## EXTRACTED MATERIAL:
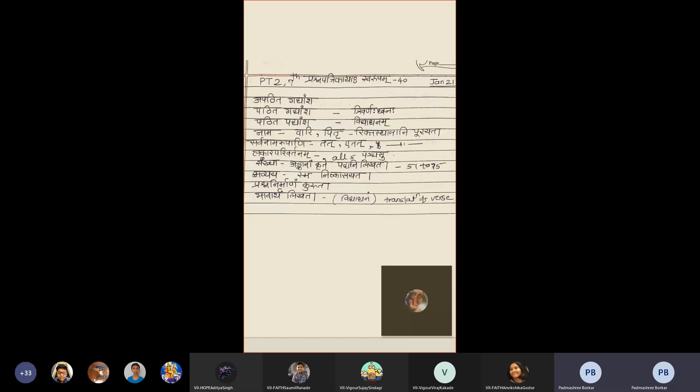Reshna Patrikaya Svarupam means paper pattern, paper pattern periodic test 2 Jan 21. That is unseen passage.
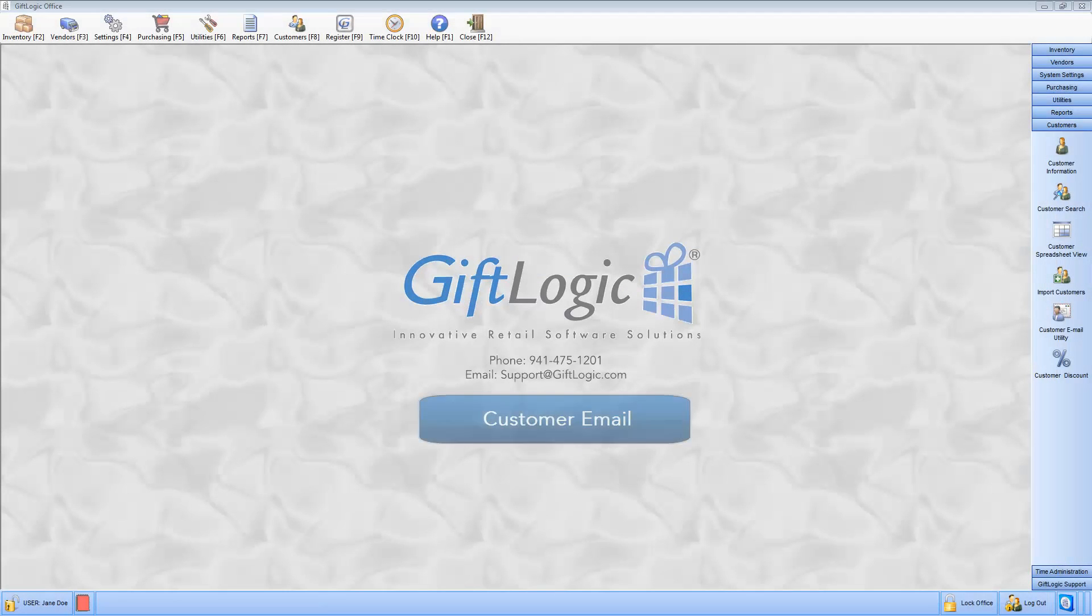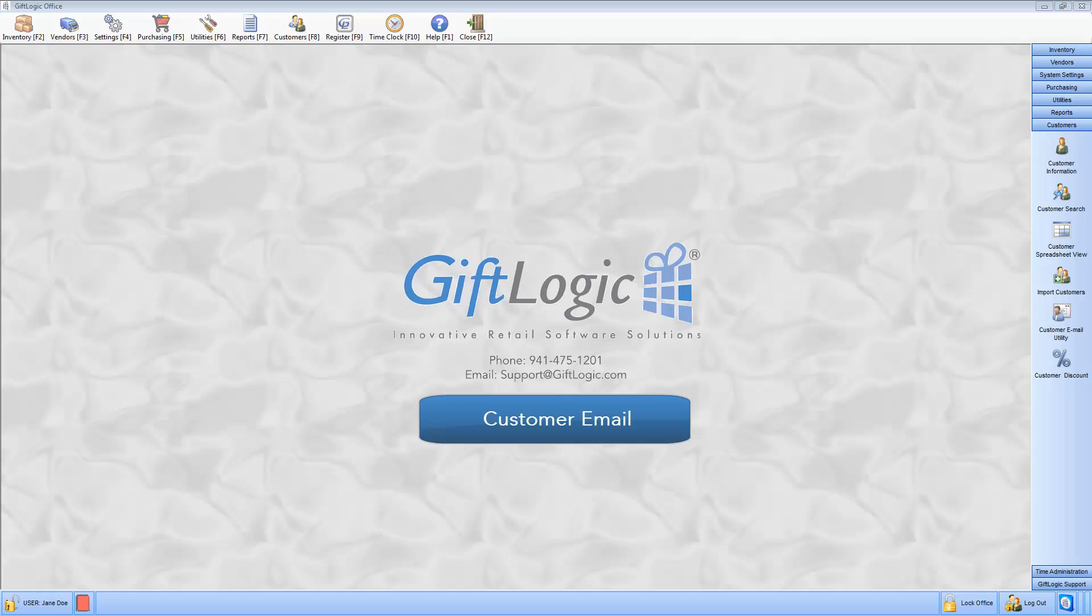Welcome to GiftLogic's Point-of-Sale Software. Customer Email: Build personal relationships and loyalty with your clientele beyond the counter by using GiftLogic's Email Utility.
...
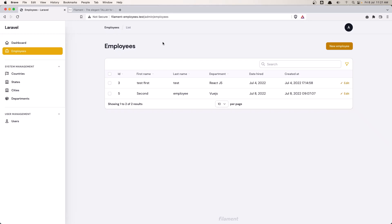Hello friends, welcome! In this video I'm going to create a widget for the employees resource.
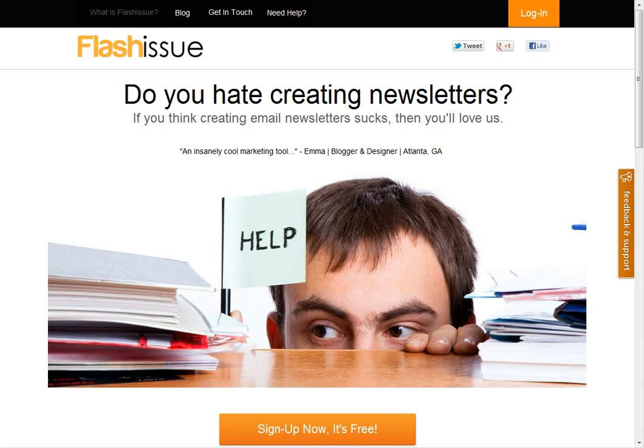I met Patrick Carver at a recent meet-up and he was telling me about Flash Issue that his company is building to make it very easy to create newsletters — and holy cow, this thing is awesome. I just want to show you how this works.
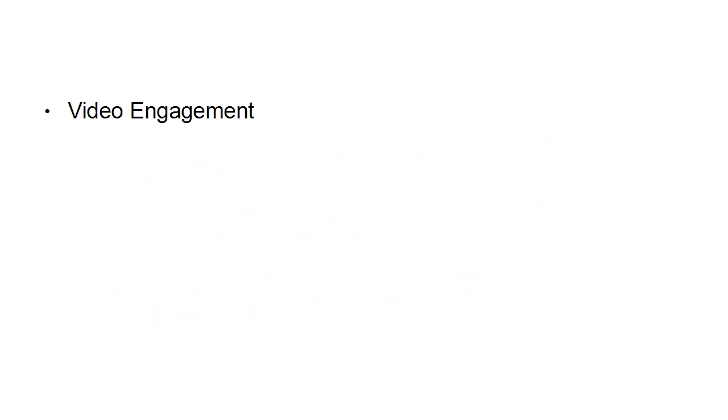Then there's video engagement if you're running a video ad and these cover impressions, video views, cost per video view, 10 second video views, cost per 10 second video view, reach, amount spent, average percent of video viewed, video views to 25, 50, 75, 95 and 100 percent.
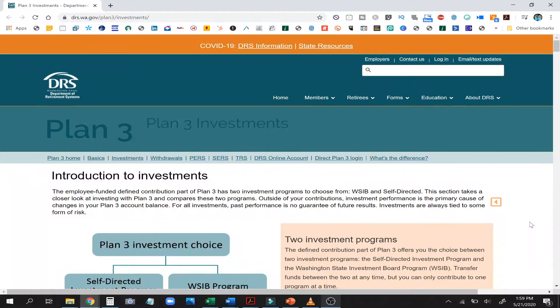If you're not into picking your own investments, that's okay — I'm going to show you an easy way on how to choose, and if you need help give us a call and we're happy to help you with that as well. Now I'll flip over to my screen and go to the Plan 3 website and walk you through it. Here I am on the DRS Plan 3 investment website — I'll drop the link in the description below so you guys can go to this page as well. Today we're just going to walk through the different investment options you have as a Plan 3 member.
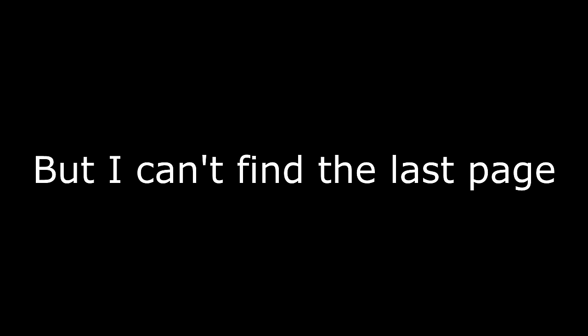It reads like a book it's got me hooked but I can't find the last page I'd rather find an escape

## DIRECTIONS FOR THIS TASK:
The answer is the lines above from the one with "Reshna Patrikaya Svarupam" to the one with "Welcome to GiftLogic's", set down exactly, with no pictures.

## EXPECTED ANSWER:
Reshna Patrikaya Svarupam means paper pattern, paper pattern periodic test 2 Jan 21. That is unseen passage.
Welcome to GiftLogic's Point-of-Sale Software. Customer Email: Build personal relationships and loyalty with your clientele beyond the counter by using GiftLogic's Email Utility.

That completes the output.